Analysis: The outer while loop runs log(n) times (I doubles). The inner for loop runs n times. Total: O(n log n).

Function 2:

function Mystery2(N: Integer): Integer;
var
  I, J, Count: Integer;
begin
  Count := 0;
  for I := 1 to N do
    for J := 1 to N do
      for K := 1 to N do
        if (I + J + K) mod 2 = 0 then
          Inc(Count);
  Mystery2 := Count;
end;

Analysis: Three nested loops, each running n times. The if-condition does O(1) work per iteration. Total: O(n^3). The condition does not change the complexity because it executes every iteration — it just sometimes skips the increment.

Function 3:

function Mystery3(N: Integer): Integer;
begin
  if N <= 1 then
    Mystery3 := 1
  else
    Mystery3 := Mystery3(N div 3) + Mystery3(N div 3) + Mystery3(N div 3);
end;

Analysis: Recurrence: T(n) = 3T(n/3) + O(1). Master Theorem: a=3, b=3, c=0. log_3(3) = 1 > 0 = c. So T(n) = O(n^1) = O(n). Three recursive calls, each on n/3 elements, with constant combination work, gives linear time.

Function 4:

procedure Mystery4(var Arr: array of Integer; N: Integer);
var
  I, J, Temp: Integer;
  Swapped: Boolean;
begin
  repeat
    Swapped := False;
    for J := 0 to N - 2 do
      if Arr[J] > Arr[J + 1] then begin
        Temp := Arr[J]; Arr[J] := Arr[J+1]; Arr[J+1] := Temp;
        Swapped := True;
      end;
  until not Swapped;
end;

Analysis: This is bubble sort. Best case: O(n) (already sorted, one pass with no swaps). Worst case: O(n^2) (reverse sorted, n passes of n comparisons). Average case: O(n^2).

26.5 Space Complexity

Space complexity measures how much memory an algorithm uses as a function of input size, beyond the input itself.

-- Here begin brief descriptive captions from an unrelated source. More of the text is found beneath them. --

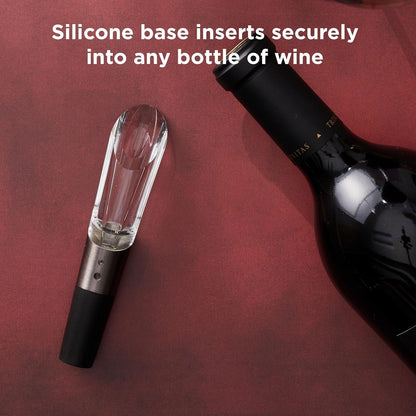 Wine Aerator Pourer Spout - Instant In-Bottle Aerating for Richer, Smoother Wine - Dripless Pour Spout for Red and White Wine5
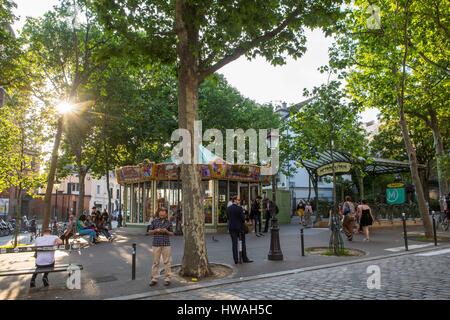 Frankreich, Paris, Montmartre-Viertel, Quadrat des Abbesses Stockfoto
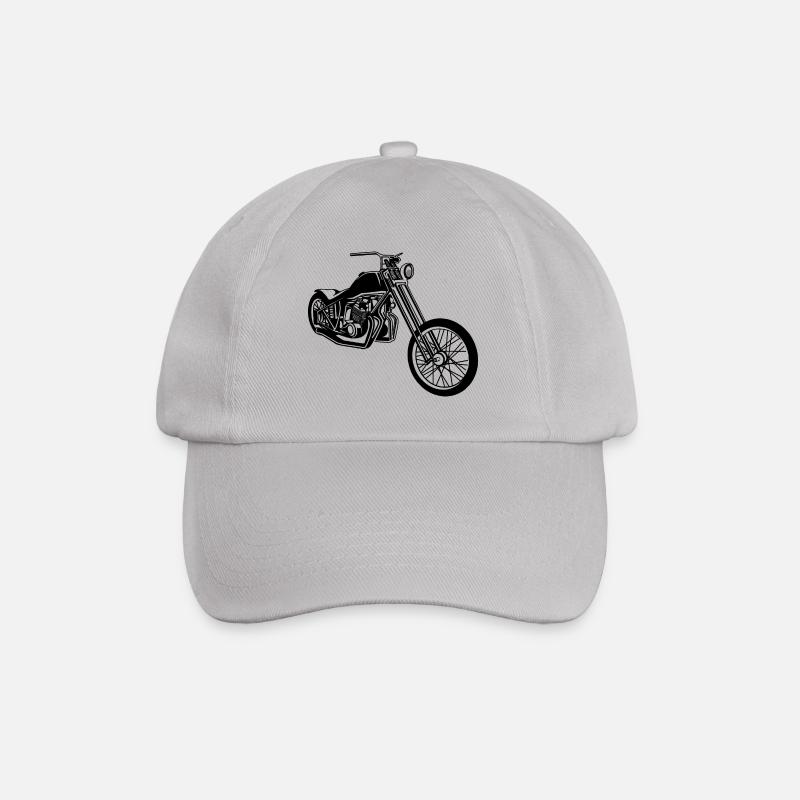 Chopper / moto bobber 01_schwarz - Casquette classique - bruyère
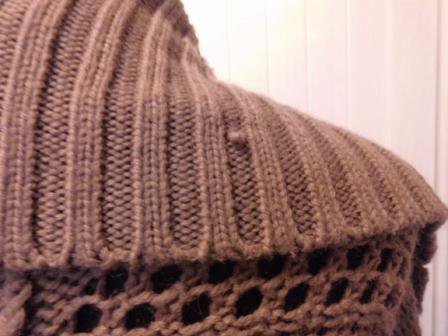 Dicke lila Strickjack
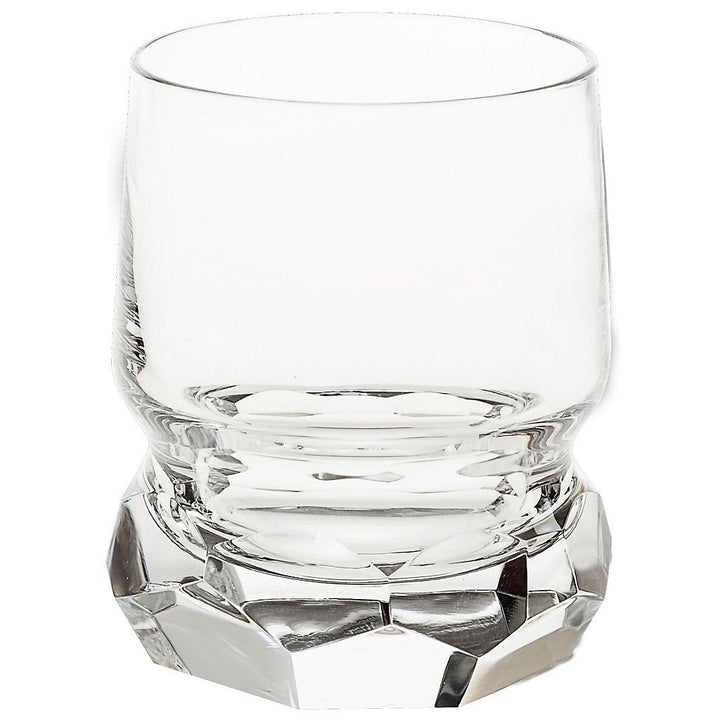 CRISTALICA Exklusives Whiskeyglas Whiskeybecher Basic Diamant 340 ml Transparent Kristall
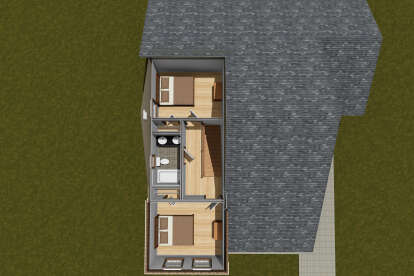 Overhead Second Floor for House Plan #4848-00453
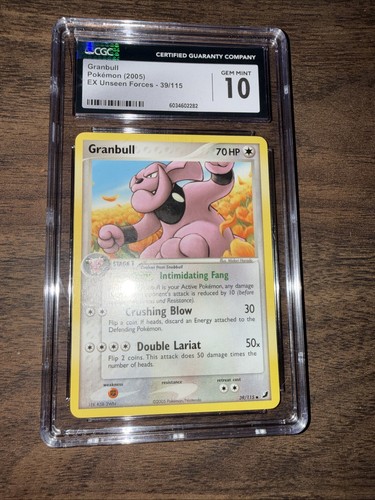 Pokemon TCG CGC 10 Gem Mint Granbull 39/115 Unseen Forces Regular - Bild 5 von 11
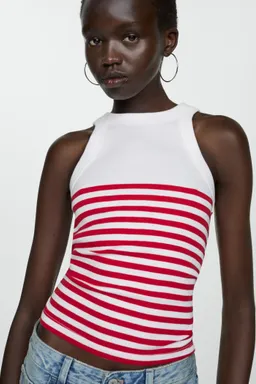 Top estampado rayas de Mango en Tops para argentina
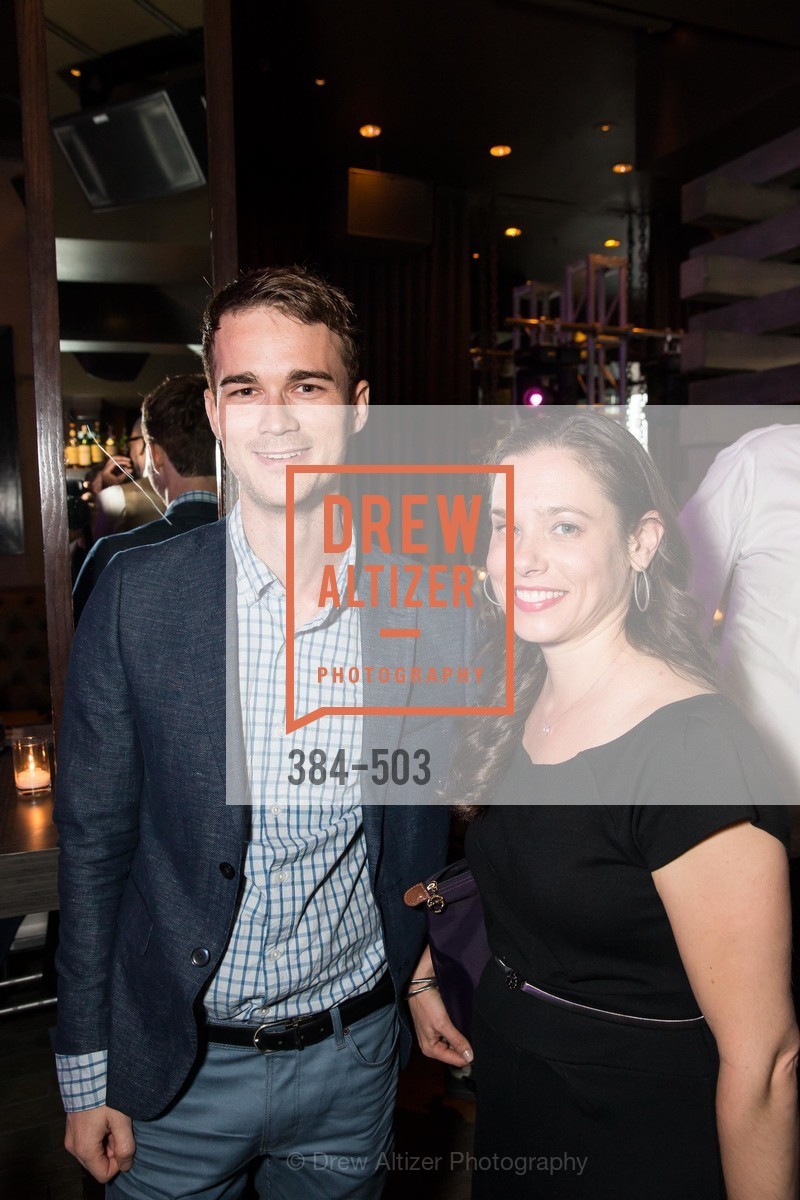 Michael Sharkey, Christina Corso, NFL CELEBRITY Bartending Event, US. US, April 7th, 2014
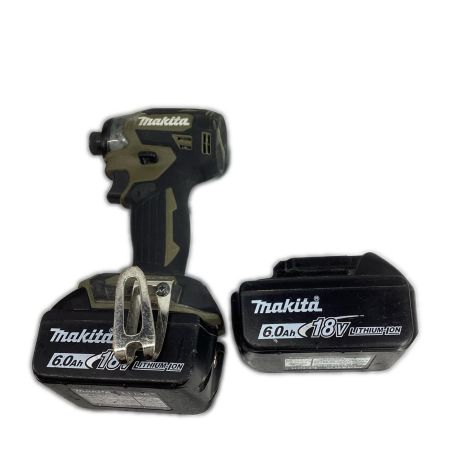 MAKITA マキタ インパクトドライバ　充電器　バッテリー2個　ケース付 TD173D オリーブ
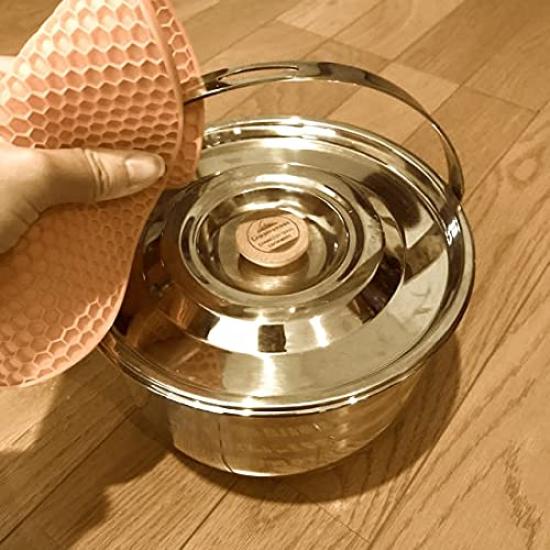 NANGGEAR Camp Cooker Set Bonfire BBQ Pot Set Stainless Steel Cooker for 8 People (Nanko Gear) NAN-MC-240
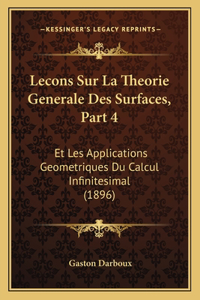 Lecons Sur La Theorie Generale Des Surfaces, Part 4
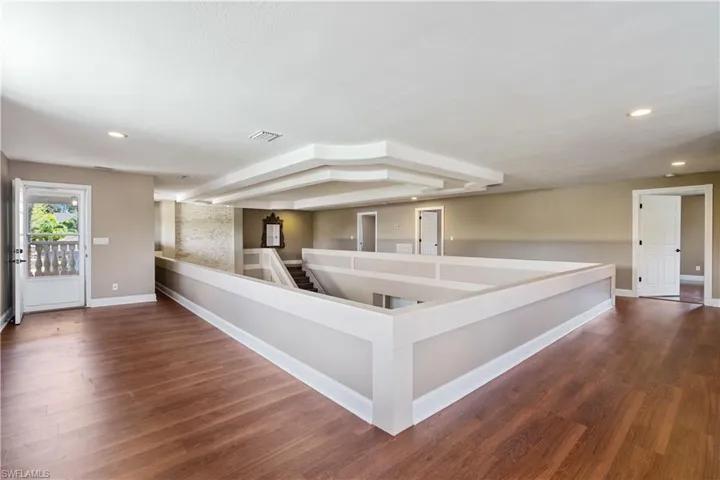 Loft area leading to 2nd floor balcony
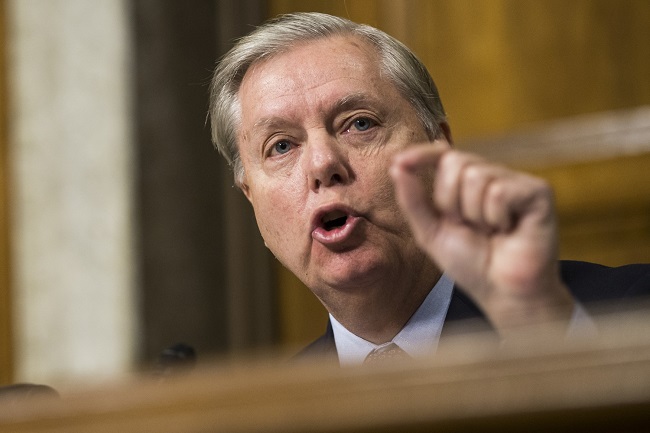 Republikánský senátor Lindsey Graham.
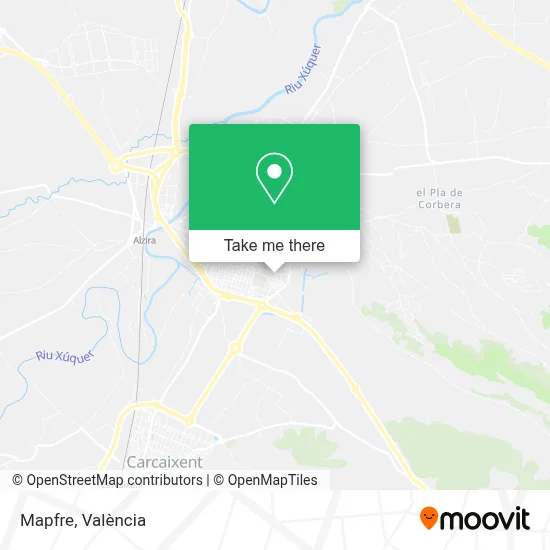 Mapfre map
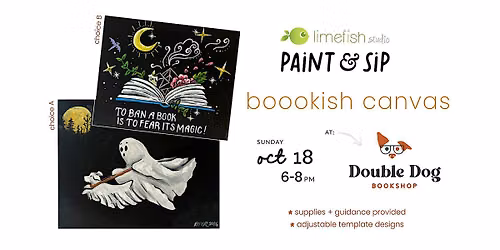 PAINT & SIP: booookish canvas (Limefish Studio @ Double Dog Bookshop)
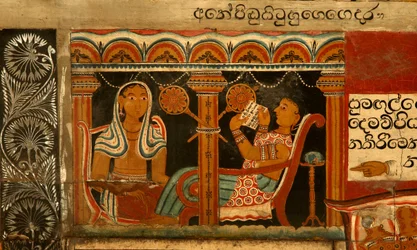 Wall Painting in the Image House of the Subdharama Temple, Dehiwala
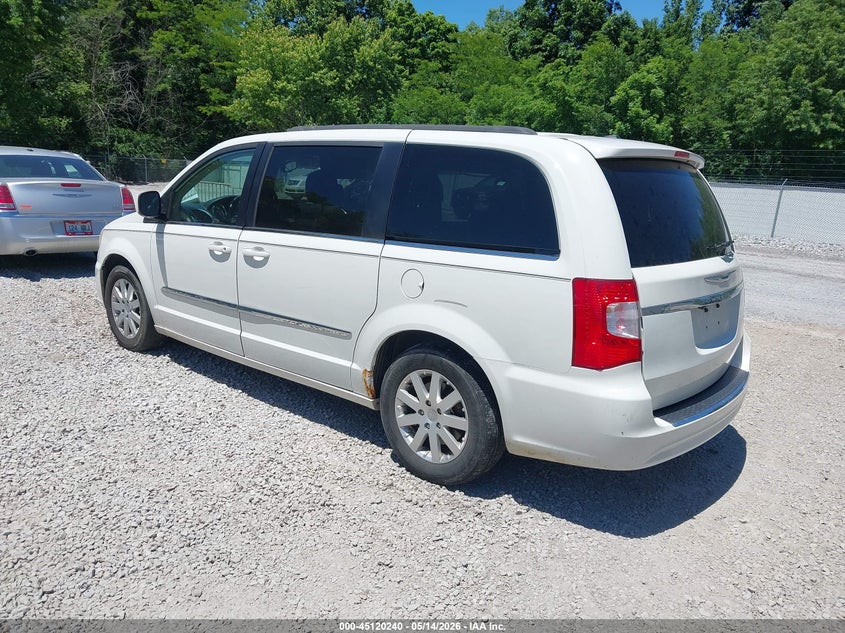 Vin: 2c4rc1bg6dr559529, lot: 45617856, chrysler town & country touring 20133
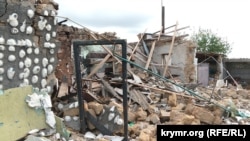 Зруйнований будинок у с. Князівка Херсонської області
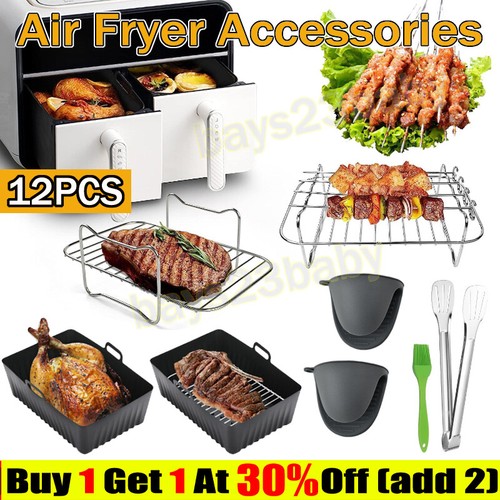 8pcs silicone air fryer - silicone, liner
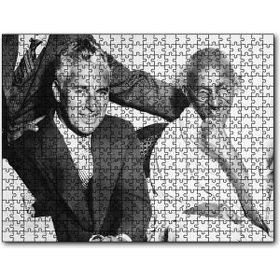 Cakapuzzle Charles Chaplin ve Mahatma Gandhi Gülümsüyor Mdf 120 Parça Puzzle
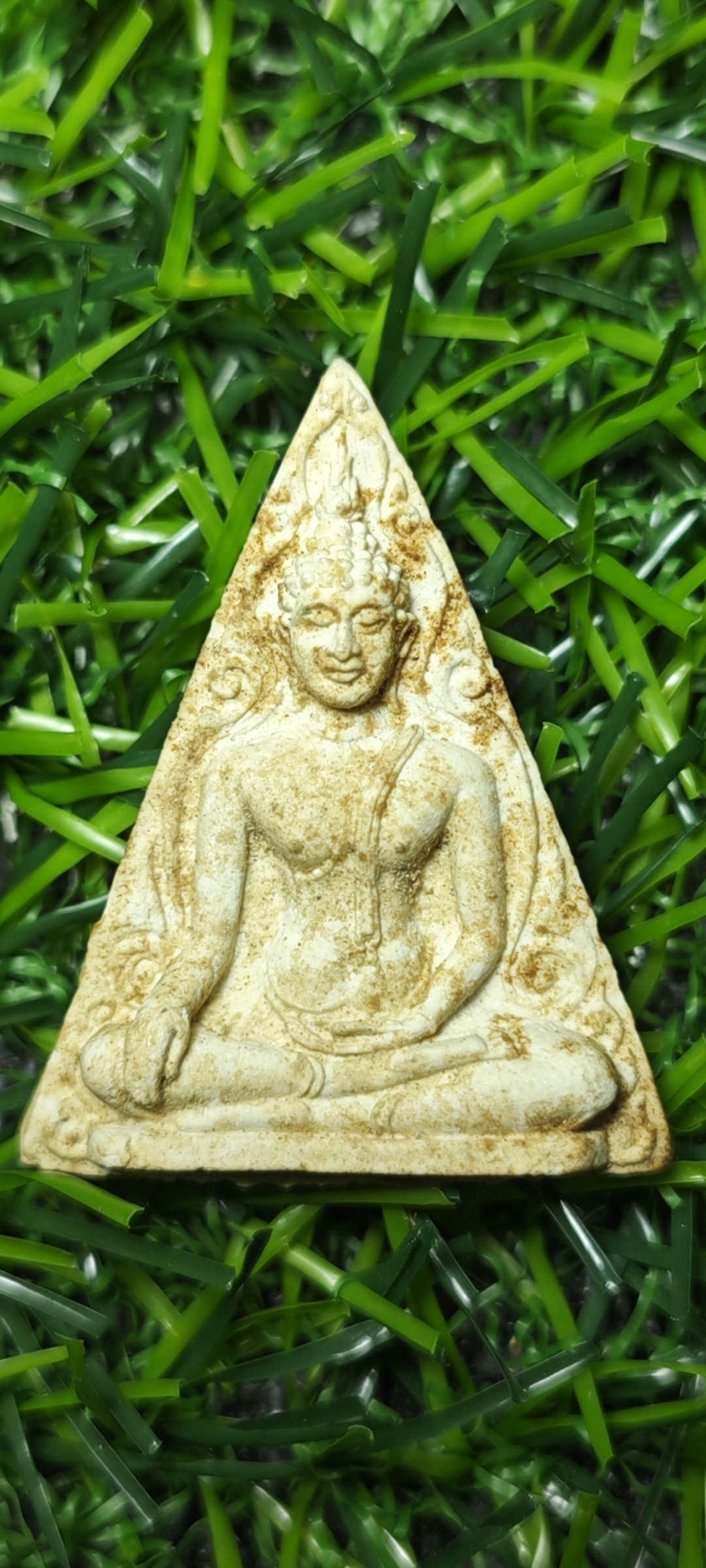 พระนางพญา " หลวงปู่แหวน " ปี 2516 ( ยุคต้น ) ออกวัดสัมพันธวงศ์ พิธีใหญ่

O(1) space: The algorithm uses a fixed number of variables:

function Sum(const Arr: array of Integer; N: Integer): Integer;
var
  Total, I: Integer;
begin
  Total := 0;
  for I := 0 to N - 1 do Total := Total + Arr[I];
  Sum := Total;  { Only 2 extra variables: Total, I. O(1) space. }
end;

O(n) space: The algorithm creates a data structure proportional to the input:

procedure MergeSort(...);  { Uses O(n) temporary array for merging }

O(log n) space: Recursive algorithms use stack space proportional to recursion depth:

procedure QuickSort(Arr, Lo, Hi);  { Recursion depth ~log n on average }

O(n) stack space: Deep recursion on linear structures:

procedure PrintList(Node);  { Recursion depth = list length n }

Space Complexity of Data Structures

Time-Space Tradeoffs

A common theme in algorithm design is trading space for time: - Memoization: Uses O(n) extra space to reduce Fibonacci from O(2^n) to O(n) time. - Hash tables: Use O(n) space to achieve O(1) average-case lookups. - DP tables: Use O(n * W) space to solve knapsack in O(n * W) time. - Precomputed lookup tables: Use O(n) space to answer queries in O(1). - Sorting + binary search: Use O(n log n) preprocessing time to answer multiple queries in O(log n) each.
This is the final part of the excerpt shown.